» What to produce
What you give back should be exactly the lines from the one with "Strahlen Sie Strahlend Diva" through the final line of the material, pictures removed; please add nothing.

» Supplied information
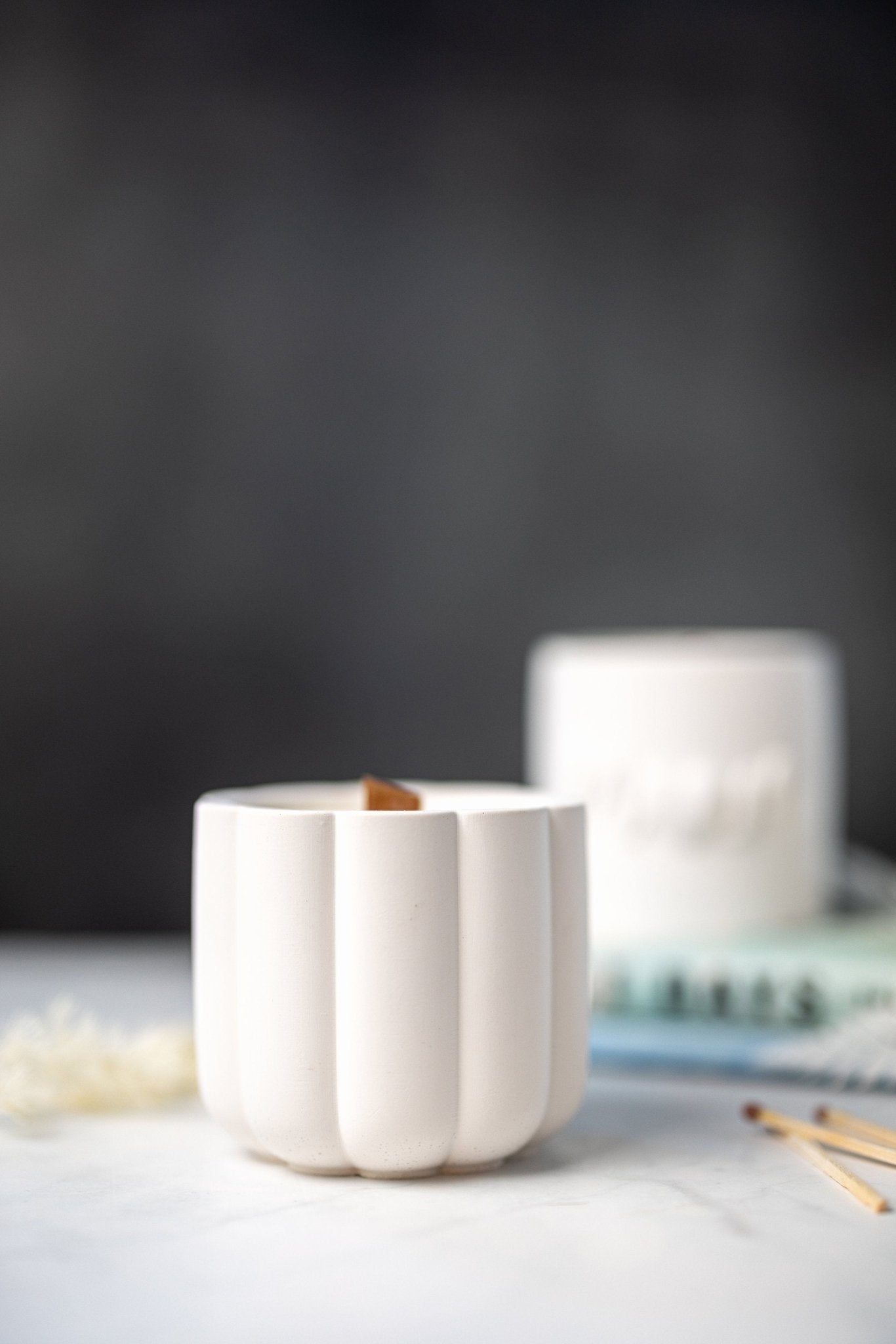 Handmade Wooden Wick Ribbed Scented Vessel | Soy Candle | Scented Vessel | Handmade Gift |Mothers Day | Christmas Gifts | Housewarming Gift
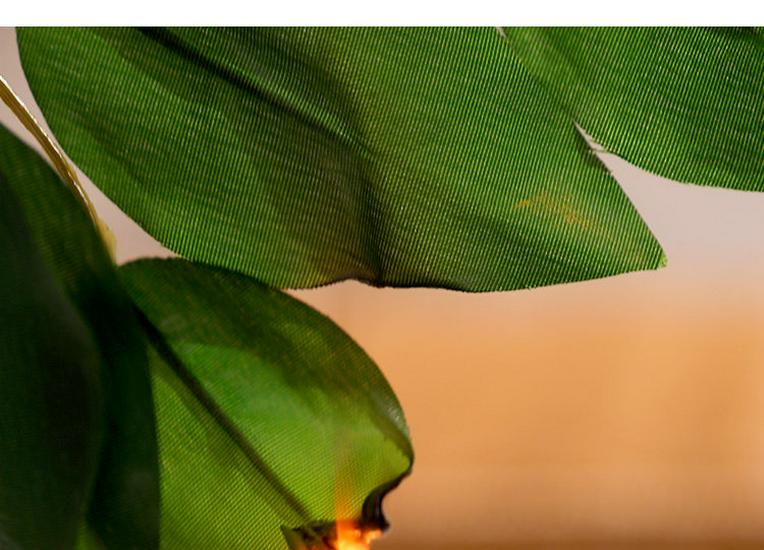 Fireproof Flame Retardant Fake Bamboo and Willow Leaves Plastic Branch for Indoor Decoration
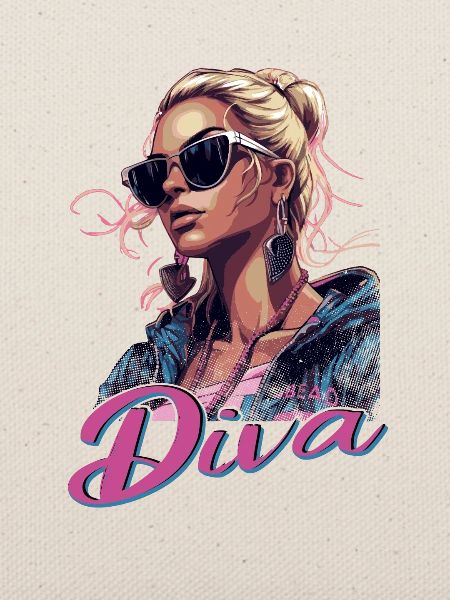 Strahlen Sie Strahlend Diva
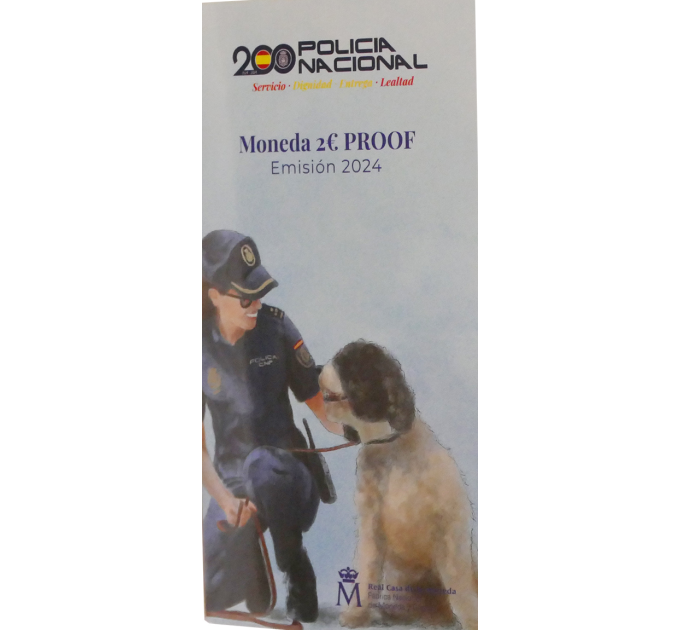 Spain 2 euro proof 2024 - National Police Corps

» Exercise response
 Strahlen Sie Strahlend Diva
 Spain 2 euro proof 2024 - National Police Corps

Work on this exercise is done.